= Lev Lyubimov =

Russian journalist and art historian (1902–1976)

Lev Dmitriyevich Lybimov (Russian: Лев Дмитриевич Любимов; 31 July 1902, Tula, Russia – 1 January 1976) was a Russian journalist, writer and art historian; author of the book of recollections entitled “Na chuzbine” («На чужбине», 'In a Strange/Foreign Land'). Lyubimov was a White emigre but returned to Russia after World War II.

== Biography ==

Lev Dmitriyevich Lyubimov was a son of Dmitry Lyubimov, an assistant of the secretary of state of the State Council. In 1919 emigrated to France. He worked (until 1940) for Milyukov's newspaper “Vozrozhdeniye” («Возрождение», 'Rebirth'). During the Nazi occupation of France, Lyubimov resided in Paris.

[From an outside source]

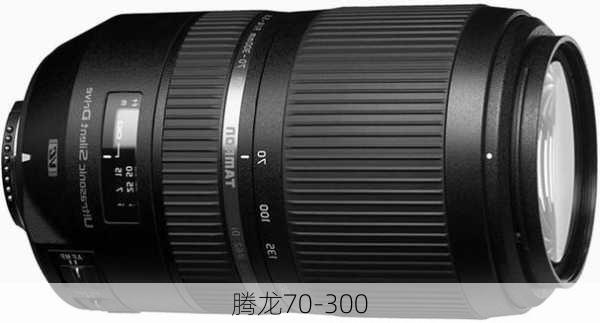 腾龙70-300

In 1945, he joined the Union of Russian Patriots and contributed to their newspaper "Soviet Patriot" in Paris. In 1946, he was one of the first White emigres to receive the Soviet passport. In November 1947, he was arrested by the French police and together with a number of other emigres who had had the Soviet citizenship instated, he was deported to the Soviet occupation zone of Germany. From there, Lev Lyubimov moved to the USSR. From 1948 on, he lived and worked in Moscow.

He published a number of books European and Russian art (incl. ancient Russia). He is also the author of the book of recollections «Na chuzhbine» (1963), in which he describes the figures of Russian emigration, e.g. Kuprin, Bunin, Rakhmaninov, Alechin.

Lev Dmitriyevich Lyubimov died in 1976.